Starting with the line with "Maison - 178 m² - 7 pièces" in the entries below and going on through the line with "Surestay Hotel By", output every line exactly and nothing more. No pictures.

Stored data ::

=== Section Start ===

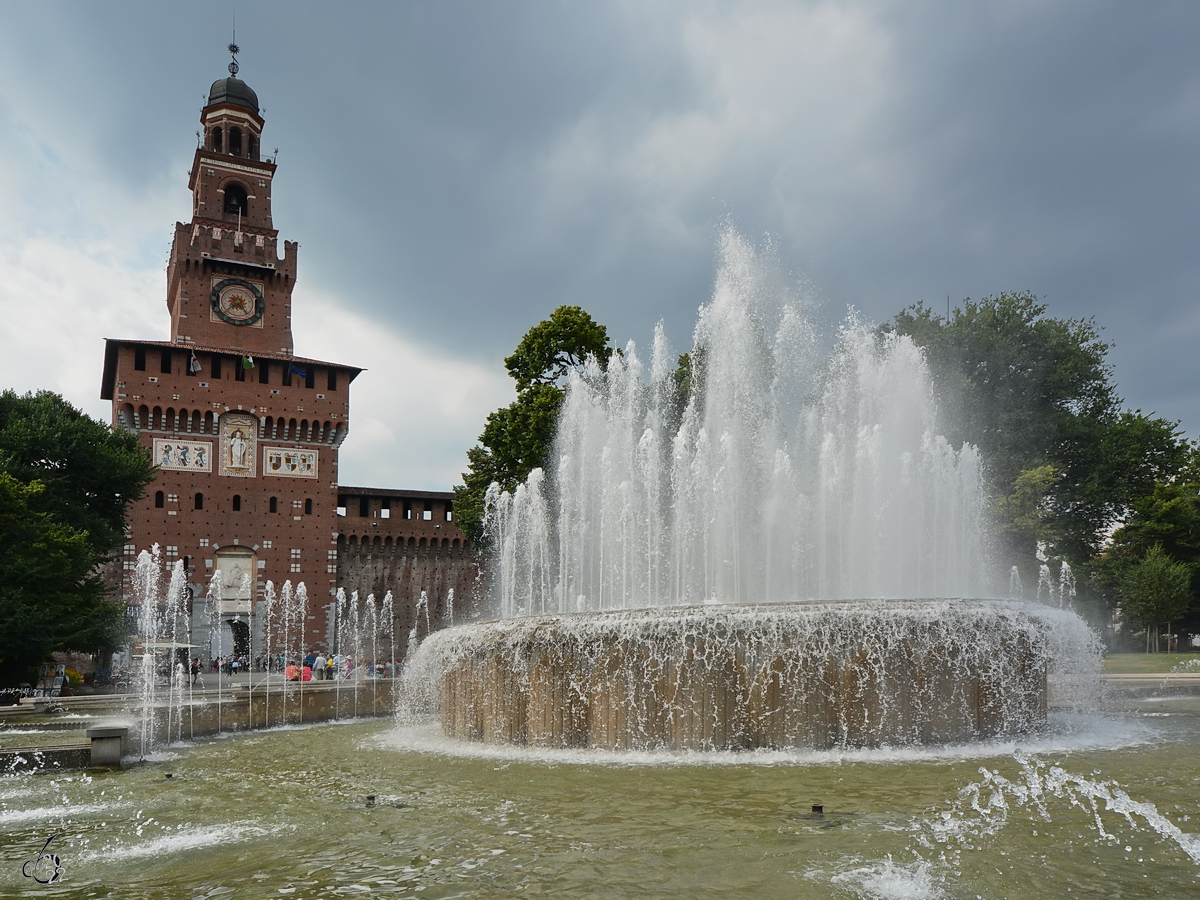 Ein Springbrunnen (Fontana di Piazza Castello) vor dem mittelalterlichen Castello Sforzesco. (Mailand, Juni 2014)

=== Section End ===
=== Section Start ===

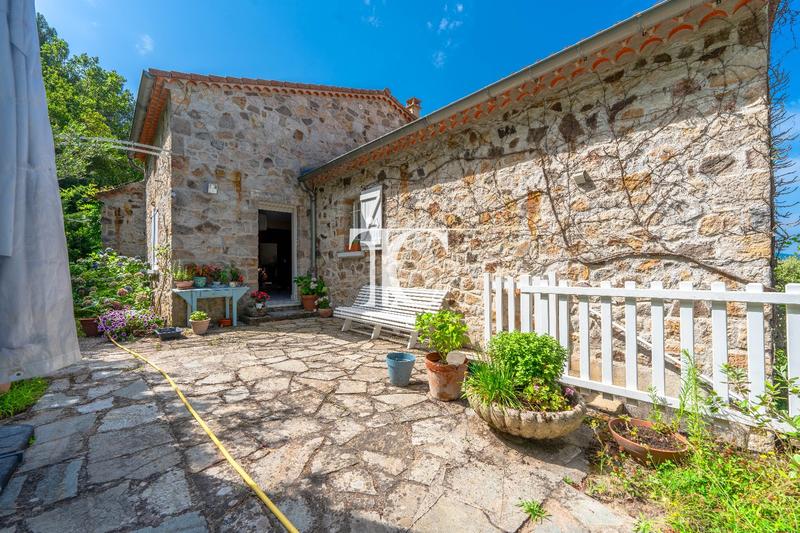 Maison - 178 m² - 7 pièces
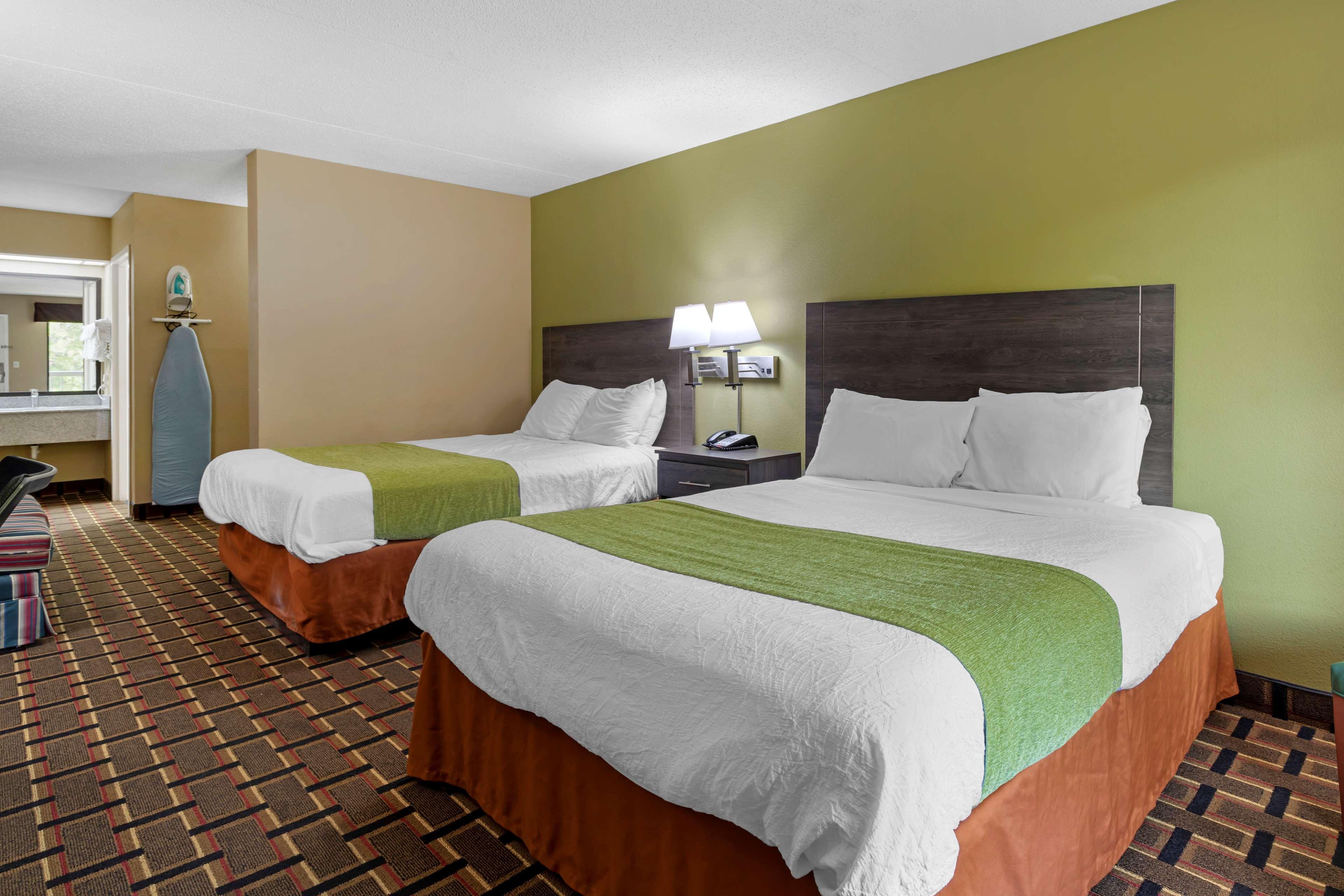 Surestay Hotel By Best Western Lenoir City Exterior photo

=== Section End ===
=== Section Start ===

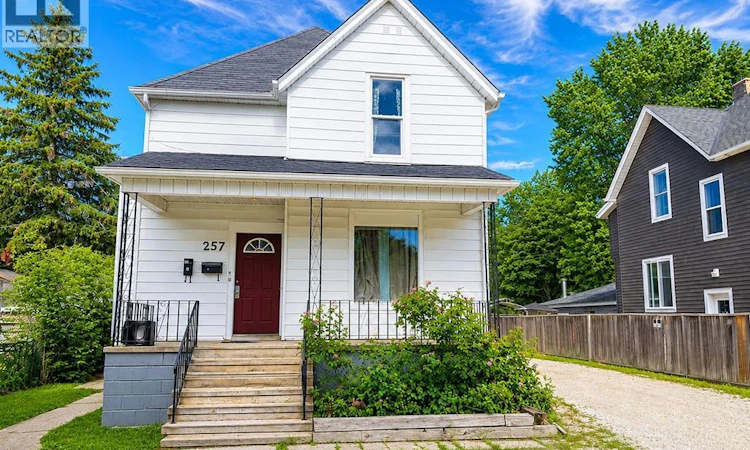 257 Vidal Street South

=== Section End ===

Solution to this exercise ::
 Maison - 178 m² - 7 pièces
 Surestay Hotel By Best Western Lenoir City Exterior photo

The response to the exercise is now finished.